Exercise aim:
Print the lines that run from the line with "The Name Chapter: TEMPTATION Farewell ver." to the line with "Pemkab Trenggalek prioritaskan", keeping both end lines, exactly as they appear in the entries below, and nothing else.

Stored data:
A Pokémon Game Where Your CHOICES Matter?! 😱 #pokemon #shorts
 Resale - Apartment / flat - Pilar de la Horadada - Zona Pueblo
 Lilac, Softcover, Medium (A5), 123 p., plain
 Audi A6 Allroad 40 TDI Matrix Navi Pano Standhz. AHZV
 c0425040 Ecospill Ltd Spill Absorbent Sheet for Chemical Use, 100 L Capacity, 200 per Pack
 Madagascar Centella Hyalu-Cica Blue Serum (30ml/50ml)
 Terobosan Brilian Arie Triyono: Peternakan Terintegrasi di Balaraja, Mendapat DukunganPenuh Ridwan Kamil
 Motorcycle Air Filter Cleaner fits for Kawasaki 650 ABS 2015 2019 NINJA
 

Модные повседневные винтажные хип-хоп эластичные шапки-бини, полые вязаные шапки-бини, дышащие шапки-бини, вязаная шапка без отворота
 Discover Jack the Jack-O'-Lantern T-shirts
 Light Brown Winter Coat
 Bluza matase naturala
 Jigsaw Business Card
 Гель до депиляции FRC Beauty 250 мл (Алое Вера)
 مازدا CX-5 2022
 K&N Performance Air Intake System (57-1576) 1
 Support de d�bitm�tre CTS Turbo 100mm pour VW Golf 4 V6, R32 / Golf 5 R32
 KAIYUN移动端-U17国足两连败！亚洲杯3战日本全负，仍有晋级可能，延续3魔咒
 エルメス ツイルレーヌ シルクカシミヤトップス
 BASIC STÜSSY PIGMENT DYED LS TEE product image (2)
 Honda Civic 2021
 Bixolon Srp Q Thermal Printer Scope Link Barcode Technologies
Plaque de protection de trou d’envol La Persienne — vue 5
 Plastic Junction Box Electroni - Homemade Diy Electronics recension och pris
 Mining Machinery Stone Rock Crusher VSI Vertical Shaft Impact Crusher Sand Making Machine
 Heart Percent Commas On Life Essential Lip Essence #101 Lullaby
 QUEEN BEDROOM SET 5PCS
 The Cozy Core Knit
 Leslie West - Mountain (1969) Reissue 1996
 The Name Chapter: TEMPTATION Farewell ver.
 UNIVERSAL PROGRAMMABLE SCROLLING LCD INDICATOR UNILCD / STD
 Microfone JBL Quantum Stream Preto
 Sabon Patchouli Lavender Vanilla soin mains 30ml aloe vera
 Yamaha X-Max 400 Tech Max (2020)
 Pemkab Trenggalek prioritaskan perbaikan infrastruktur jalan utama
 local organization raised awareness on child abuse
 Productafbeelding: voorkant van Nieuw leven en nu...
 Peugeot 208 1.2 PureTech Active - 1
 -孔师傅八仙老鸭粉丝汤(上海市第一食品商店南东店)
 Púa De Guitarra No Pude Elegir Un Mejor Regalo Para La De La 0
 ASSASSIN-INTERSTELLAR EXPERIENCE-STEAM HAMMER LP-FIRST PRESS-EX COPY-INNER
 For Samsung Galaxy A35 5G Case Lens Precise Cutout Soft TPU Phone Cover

Answer section:
 The Name Chapter: TEMPTATION Farewell ver.
 UNIVERSAL PROGRAMMABLE SCROLLING LCD INDICATOR UNILCD / STD
 Microfone JBL Quantum Stream Preto
 Sabon Patchouli Lavender Vanilla soin mains 30ml aloe vera
 Yamaha X-Max 400 Tech Max (2020)
 Pemkab Trenggalek prioritaskan perbaikan infrastruktur jalan utama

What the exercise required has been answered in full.